Spektrum

Bersama Membangun Negeri

Pemda dan Kejari Bursel Teken MOU Perdata- TUN

Pemda dan Kejari Bursel Teken MOU Perdata- TUN

NAMROLE, SPEKTRUM- Pemerintah Kabupaten Buru Selatan dengan pihak Kejaksaan setempat menandatangi Nota kesepakatan kerjasama (MOU) bidang keperdataan dan Tata Usaha Negara.

Penandatangan ini dilakukan bupat Safitri Malik Soulisa dan kepala kejaksaan setempa , Murtadi, disaksikan oleh Wakil Bupati Gerson Eliezer Selsily, Ketua DPRD, pihak Kejari, berlangsung di Auditorium Kantor Bupati, Rabu (11/8).

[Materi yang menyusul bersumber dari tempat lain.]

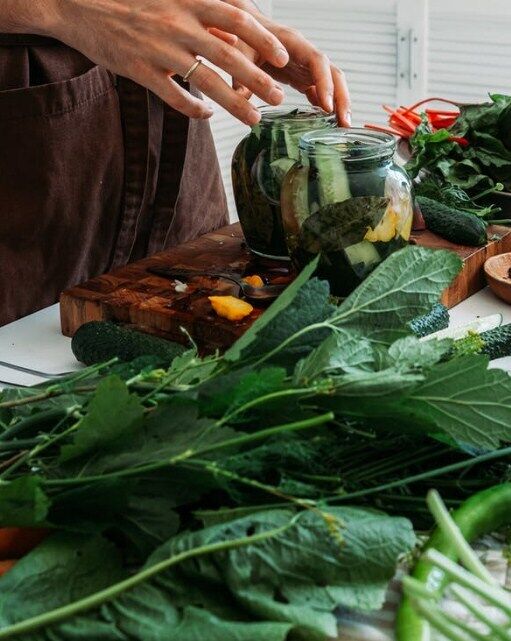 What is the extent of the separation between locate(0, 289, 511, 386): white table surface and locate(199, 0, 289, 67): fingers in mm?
435

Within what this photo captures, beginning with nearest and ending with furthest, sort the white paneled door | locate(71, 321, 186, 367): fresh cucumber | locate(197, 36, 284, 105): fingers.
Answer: locate(71, 321, 186, 367): fresh cucumber
locate(197, 36, 284, 105): fingers
the white paneled door

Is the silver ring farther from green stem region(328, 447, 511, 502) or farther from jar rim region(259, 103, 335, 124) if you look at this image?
green stem region(328, 447, 511, 502)

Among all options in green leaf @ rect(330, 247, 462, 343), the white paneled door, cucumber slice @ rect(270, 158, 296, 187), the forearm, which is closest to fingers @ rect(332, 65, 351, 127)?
cucumber slice @ rect(270, 158, 296, 187)

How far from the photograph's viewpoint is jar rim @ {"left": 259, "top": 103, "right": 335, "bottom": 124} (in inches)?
63.8

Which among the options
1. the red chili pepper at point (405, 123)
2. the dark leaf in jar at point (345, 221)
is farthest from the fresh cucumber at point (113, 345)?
the red chili pepper at point (405, 123)

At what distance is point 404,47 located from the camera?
3.53 meters

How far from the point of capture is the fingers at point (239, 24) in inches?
56.7

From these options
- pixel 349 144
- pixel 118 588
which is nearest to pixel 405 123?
pixel 349 144

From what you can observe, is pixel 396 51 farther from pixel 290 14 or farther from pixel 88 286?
pixel 88 286

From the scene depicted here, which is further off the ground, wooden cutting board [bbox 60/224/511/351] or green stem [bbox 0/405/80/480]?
green stem [bbox 0/405/80/480]

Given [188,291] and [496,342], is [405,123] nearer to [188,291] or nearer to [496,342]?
[188,291]

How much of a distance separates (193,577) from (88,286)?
83 cm

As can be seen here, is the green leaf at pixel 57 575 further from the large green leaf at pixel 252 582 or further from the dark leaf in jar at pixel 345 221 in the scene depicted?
the dark leaf in jar at pixel 345 221

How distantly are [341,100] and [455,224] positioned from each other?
0.25 metres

Bupati dalam sambutannya mengatakan, MoU bidang Perdata dan Tata Usaha Negara ini merupakan proses awal untuk memberikan jaminan kepastian hukum dan mempererat tali silaturahmi dan sinergi demi terwujudnya kelancaran jalannya pemerintahan di bumi Fuka Bipolo ini.

Safitri juga menjelaskan penandatangan nota kesepakatan ini agar tidak salah paham dalam pendanaan dan penilaian pada masyarakat, dan mengantisipasi timbulnya masalah hukum dalam penyelanggaraan di pemerintah kabupaten Buru Selatan khusunya di bidang Perdata dan Tata Usaha Negara.
“Jangan ada kesan di tengah masyarakat bahwa dengan MoU ini pemerintah daerah berusaha membatasi wewenang kejaksaan untuk memeriksa aparat pemerintah daerah dalam bidang perdata dan bidang pidana khusus, namun sebaliknya dari MoU ini, akan tercipta aparat pemerintah daerah yang lurus, jujur dan bebas korupsi,” katanya.

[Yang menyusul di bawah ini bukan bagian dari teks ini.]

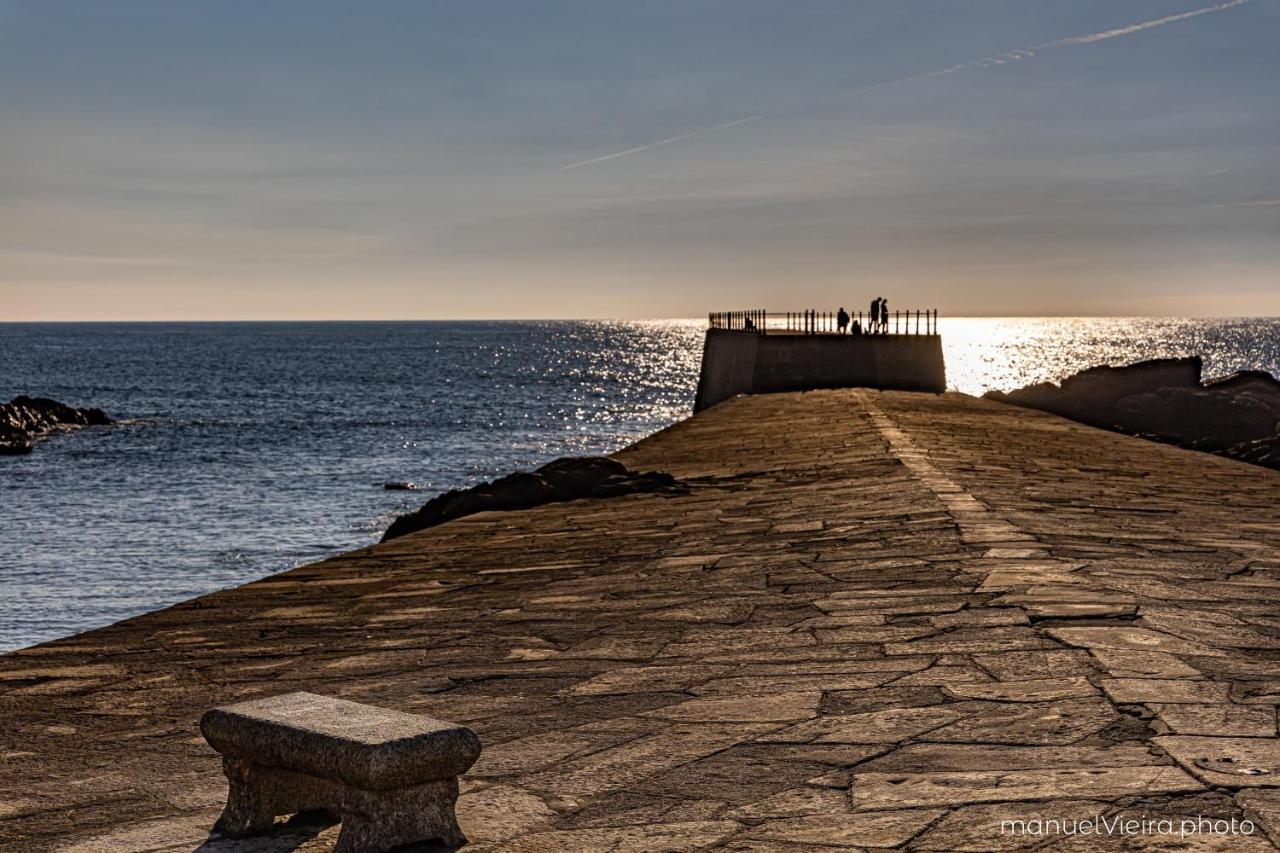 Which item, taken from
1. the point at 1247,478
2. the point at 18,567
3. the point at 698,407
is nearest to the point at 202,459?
the point at 698,407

Dikatakan, harapan itu terwujud apabila aparat pemerintah daerah berjiwa profesional, jujur dan berkualitas yang dijaga dan dikawal oleh aparat kejaksaan yang juga profesional, jujur, lurut dan bebas korupsi pula.

Menurut Safitri, perjanjian kerja sama ini sebagai kerangka atau landasan mendorong terciptanya dan terwujudnya penyelenggaraan tugas umum pemerintah kabupaten Buru Selatan yang lebih efektif dan efisien.
“Perjanjian ini dimaksudkan dalam kerangka persiapan dan kesiapan kedepan terhadap penyelesaian masalah hukum di bidang Perdata dan Tata Usaha Negara, yang dihadapi oleh pemerintah Buru Selatan dalam mengemban dan melaksanakan tugas tanggung jawab misinya termasuk upaya perlindungan penyelamatan aset pemerintah daerah,” jelas Safitri Malik Soulisa.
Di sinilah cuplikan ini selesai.